Zu Ende des Jahres 1975 verliessen Garvey und McMaster die Gruppe Ducks Deluxe aufgrund bandinterner Querelen (die Gruppe löste sich schliesslich im Folgejahr endgültig auf). Andy McMaster begann Songs zu schreiben, während Nick Garvey mit einer Band namens The Snakes Konzerte gab. Das Repertoire umfasste 50er Jahre Rhythm'n'Blues Titel etwa von Chuck Berry, aber auch Flamin' Groovies Songs. Rasch verlor Garvey allerdings die Lust, ständig nur Coversongs zu spielen und tat sich daher erneut mit Andy McMaster zusammen, dessen inzwischen komponierte, aber noch nicht innerhalb einer Band umgesetzten Songs er sofort mochte. Im November 1976 war es soweit: McMaster und Garvey gingen ins Tonstudio und spielten die ersten Songs ein. Dazu gesellten sich ab Anfang 1977 nach und nach die Musiker Richard Wernham, der ehemalige Schlagzeuger der Snakes, der sich fortan das Pseudonym Ricky Slaughter zulegte, sowie der Gitarrist Rob Hendry, der allerdings schon im Mai gegen den versierteren Bram Tchaikovsky (bürgerlicher Name Peter Bramall) ausgewechselt wurde. Mit Hendry spielte die Band drei Stücke im Studio ein, die später allerdings mit Bram Tchaikovsky noch einmal komplett neu eingespielt wurden ("Emergency", "Bring In The Morning Light" und "Dancing The Night Away").

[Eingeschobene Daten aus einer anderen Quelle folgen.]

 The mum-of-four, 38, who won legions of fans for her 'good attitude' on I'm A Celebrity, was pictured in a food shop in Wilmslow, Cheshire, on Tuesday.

Am Freitag, dem 13. Mai 1977 unterzeichneten die Motors einen Plattenvertrag bei Virgin Records, wurden anschliessend als Supporting Act für die Band THE HEAVY METAL KIDS auf Tournee geschickt, und Ende Juni begannen die Aufnahmen zum ersten Album, unter der Leitung des renommierten Produzenten Robert John "Mutt" Lange (City Boy, Supercharge, Graham Parker, The Boomtown Rats). Im September erschien die Vorab-Single "Dancing The Night Away" mit der B-Seite "Whiskey And Wine", und diese stieg sogleich in die Charts und erreichte den respektablen Rang 42. "Dancing The Night Away" erschien als gekürzte Version, während das Stück auf der LP in Originallänge 6 1/2 Minuten lang war und später in den USA auch als 12" Maxi Single erschien. Das dazugehörige Album "The Motors 1" erschien kurz darauf und wurde ebenfalls zu einem grossen Achtungserfolg für die Gruppe. Ein Platz 46 in den britischen Charts, sowie einen Rang 30 in den Melody Maker Jahrescharts liessen auf eine grosse Zukunft hoffen.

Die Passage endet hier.